Philip is unique in its ability to provide an integrated service package
including scrap supply, processing and management and industrial services,
and is well positioned to benefit from outsourcing and vendor reduction by
the steel industry. The Company's critical mass in the key regional
markets of the Northeast and Southeast increase both purchasing power and
the ability to provide its major steel mill clients with long term,
consistent scrap supply.
- - Through consolidation of its processing facilities, Philip expects to
increase the operating capacity at its eighteen shredding operations to
over 80%, thereby increasing operating efficiencies and providing the
Company with significant competitive advantage. In addition, exposure to
changes in scrap prices is minimized through monthly inventory turns and a
stable contribution margin per ton in its ferrous brokerage business that
remains constant despite price fluctuations.

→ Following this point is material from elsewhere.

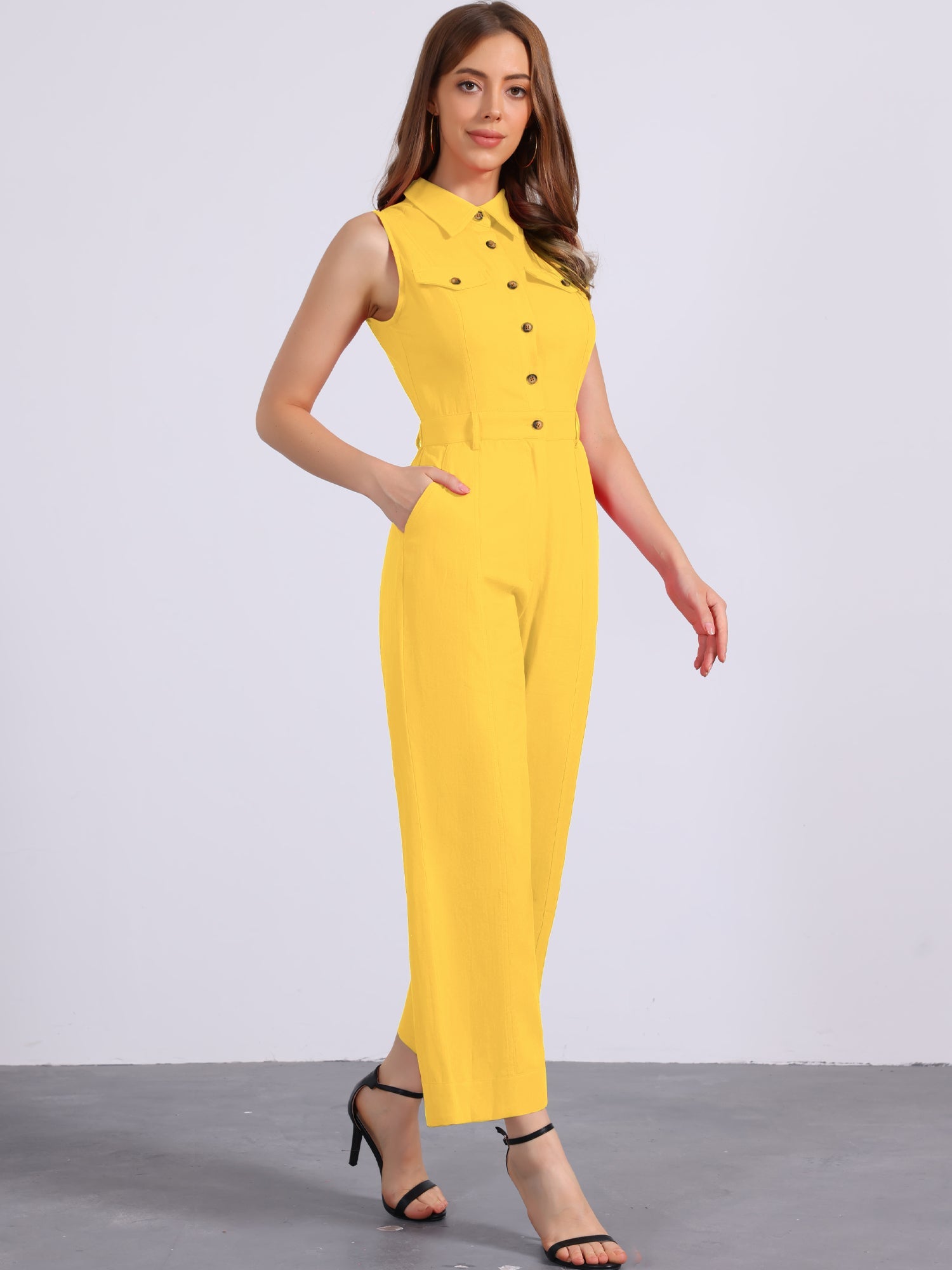 Cotviera - Women’s Button Down Wide Leg Jumpsuit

- - Effective January 1, 1998 a revised hedging program has been established
in our copper operations to provide a full hedge against exposure to price
fluctuations. The value-added component of our copper operations will be
enhanced by expanding capacity at Philip's secondary copper refinery in
Warrenton, Missouri by 25% by year end. This facility processes copper
recovered internally from cable and wire chopping operations and is the
only secondary copper refinery in North America.

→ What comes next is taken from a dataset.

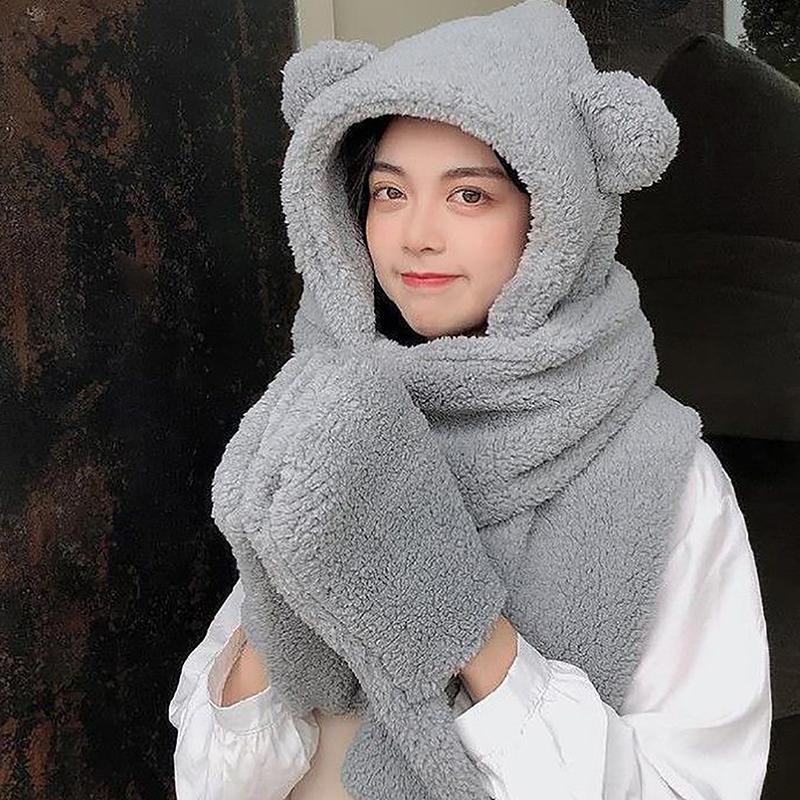 Зимние женские шапки с капюшоном, теплые шапки с медвежьими ушками, повседневная плюшевая шапка, шарф, повседневные женские шапки, теплые головные уборы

- - INDUSTRIAL SERVICES GROUP: The integration of operations within the
Company's Industrial Services Group is largely concluded, with regional
operating structures established and sales force and leadership training
entering the second phase. The conversion of information and accounting
systems to support this integration will be substantially completed in
1998. In addition, estimated cost savings and revenue synergies as a
result of Philip's acquisition of Allwaste and Serv-Tech are on track.
Cross selling of a range of industrial services to clients including PPG,
Mobil Oil, Lockheed Martin, Ford, General Motors and CN continues to drive
internal growth. Philip covers a diverse market sector, providing
services to a broad range of industry sectors which reduces the impact on
the Company from a downturn in any one sector of the economy.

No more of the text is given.